This comes after State media has hazarded that e-voting was vulnerable to hacking, costly and was not a means to an end.

There is also confusion whether BVR together with e-voting will both be used.

In an address to the National Assembly on February 22, Vice President Emmerson Mnangagwa said the bio-metric system will be used during both registration and the actual voting process.

“We never said it would not go full throttle. We agreed that the bio-metric system would be used in coming up with a voters’ roll up until the actual voting,” Mnangagwa said.

The largest independent observer group Zimbabwe Election Support (Zesn) said there is need to ensure that there is no executive interference in the electoral processes.

The leading domestic monitoring body said its understanding was that the Zimbabwe Electoral Commission (Zec) intends to use the technology solely for the purposes of capturing bio-metric features such as fingerprints during voter registration in order to create a new voters’ roll for the 2018 harmonised elections and not for e-voting.

“Thus, Zesn believes that the fears of technology failure are unfounded given that the technology will only be used for registering voters,” Zesn leader Rindai Chipfunde-Vava said.

“On election day, voters will still be required to present their identification documents and be issued with a paper ballot paper and not vote electronically.
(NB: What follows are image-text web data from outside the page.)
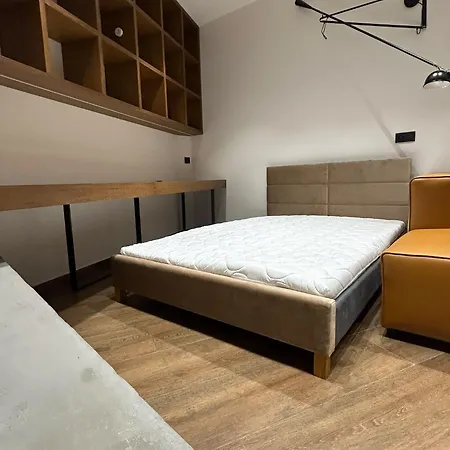 160 M Luxury Retreat Jacuzzi, Sauna & Free Parking * Bratislava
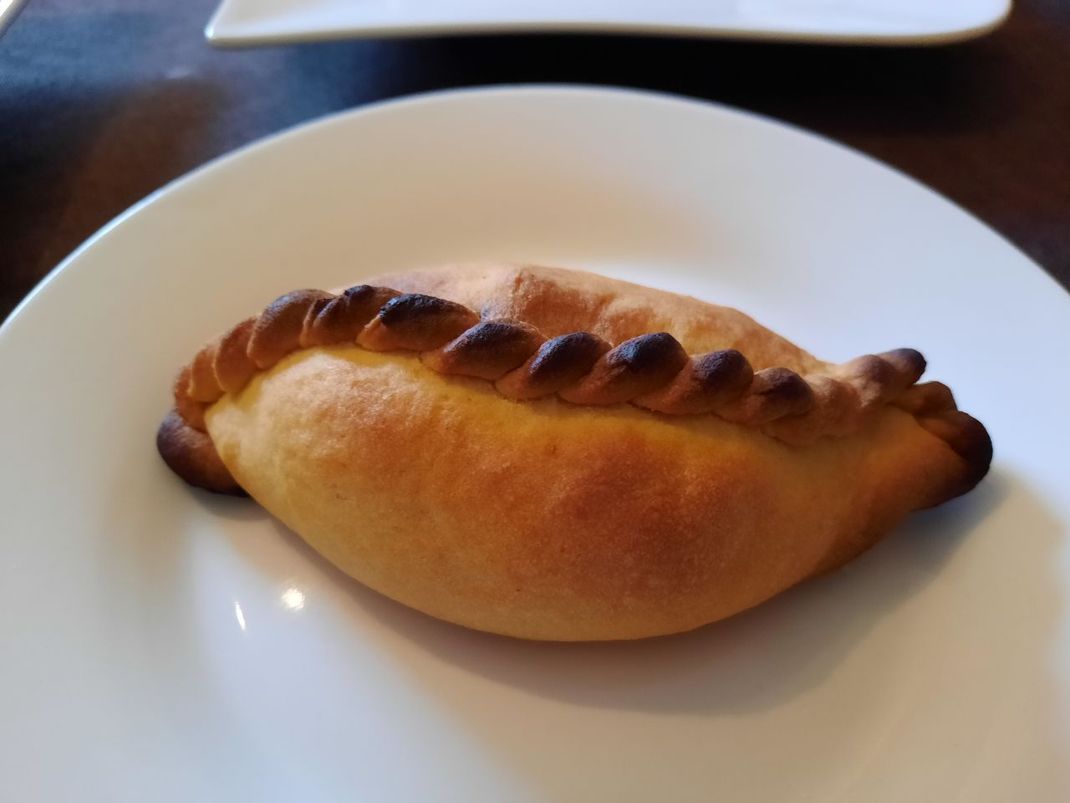 Beginnen wir mit den Salteñas aus Bolivien. Das sind gebackene "Empanadas", also Teigtaschen - gefüllt mit Gemüse, Fleisch und Kartoffeln. 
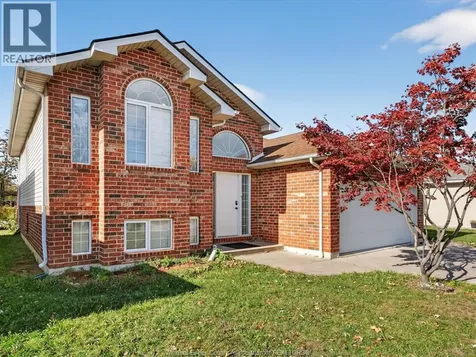 3859 Clara Avenue Windsor ON N9E 4X6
“Hence, it is important to note that there will be no technology failure on election day as Zec will issue printed copies of the voters’ roll at polling stations,” it said, adding it was “imperative for Zec to clarify the issue of the BVR viz-a-viz e-voting.”

Election Resource Centre (ERC) said everything else except the capturing of bio-metric features remains manual in the case of Zimbabwe and difficult to hack.

“What can be hacked in BVR; can also be the same under a manual process whose versions are kept as electronic as demanded by the Electoral Act,” ERC said in a statement yesterday. The poll watchdog also rejected claims that BVR is more expensive, saying voter registration in 2013 cost $15,8 million out of a requested $25 million.

“Important to note is the fact that infrastructure for voter registration was already in place at the Registrar General, it was extension of voter registration as compared to new voter registration, and the result was a disputed voters’ roll.

“Zec has requested $29 million for BVR, including procurement of the kits. A new voter registration process, a new infrastructure, and a de-duplication process are new features. Certainly, this is not more expensive. The ERC contends that a manual process would be more expensive,” it said.